These were perhaps the most shocking of the deeds of Marius’s enterprising lieutenant, but his general behaviour was quite in keeping with them. When the law dealing with the corn-dole and the Gallic colonies was before the Comitia, some Optimate tribunes tried to interpose their veto. Saturninus did not take the trouble to deal with them as Tiberius Gracchus had dealt with Octavius; he simply had them thrown off the rostra and went on with the proceedings. The evicted magistrates, though much knocked about, struggled to the front and began crying that “they heard thunder on the left,” which should have brought the meeting to an end. But Saturninus, pointing with a menacing gesture to the stones which his followers were gathering up, told them that they had better beware, or it would not only rain but hail The tribunes discreetly fled; but a hot-headed young Optimate, the quaestor Q. Caepio, collected a band of his clients and supporters, girt up his toga and stormed the rostra, upsetting Saturninus and those about him. The assailants were but a handful, and the demagogue, rallying his forces and putting Marian veterans in his front rank, charged back, drove off Caepio and his gang, and completed the formalities of passing the bill among desperate noise, confusion, and tumult.

It was farcical to call such a mere riot a legal meeting of the Comitia, or to hold that bills which had been vetoed by half-a-dozen tribunes had any binding force. But it was for refusing to swear obedience to them that Quintus Metellus, the haughty but honest and capable predecessor of Marius in Numidia, was driven into exile.

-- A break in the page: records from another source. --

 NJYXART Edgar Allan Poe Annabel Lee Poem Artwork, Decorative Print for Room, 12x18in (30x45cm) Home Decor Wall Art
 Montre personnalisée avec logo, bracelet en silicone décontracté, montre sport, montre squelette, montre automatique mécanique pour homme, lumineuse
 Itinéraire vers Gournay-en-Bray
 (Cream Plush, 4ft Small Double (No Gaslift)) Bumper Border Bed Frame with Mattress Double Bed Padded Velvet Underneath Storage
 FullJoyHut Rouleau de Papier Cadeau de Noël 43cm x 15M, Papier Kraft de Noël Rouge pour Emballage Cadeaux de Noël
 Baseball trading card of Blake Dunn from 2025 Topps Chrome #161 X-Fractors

There seemed to be no length to which Saturninus and Glaucia would not go. But their triumphant violence defeated their own ends: Marius was prepared to wink at a good deal of ruffianism on the part of his supporters, but he drew the line at the systematic murder of respectable opponents, and would have preferred to see the opposite party in the assembly overawed by threats rather than driven out with sticks and stones. Clearly he began to fear his own lieutenants, and to doubt whether they might not turn against him instead of merely carrying out his plans. He suddenly dropped his support of them, secretly informed the Optimates that he would not be responsible for their acts, and passed the word round among his veterans that they were to remain neutral.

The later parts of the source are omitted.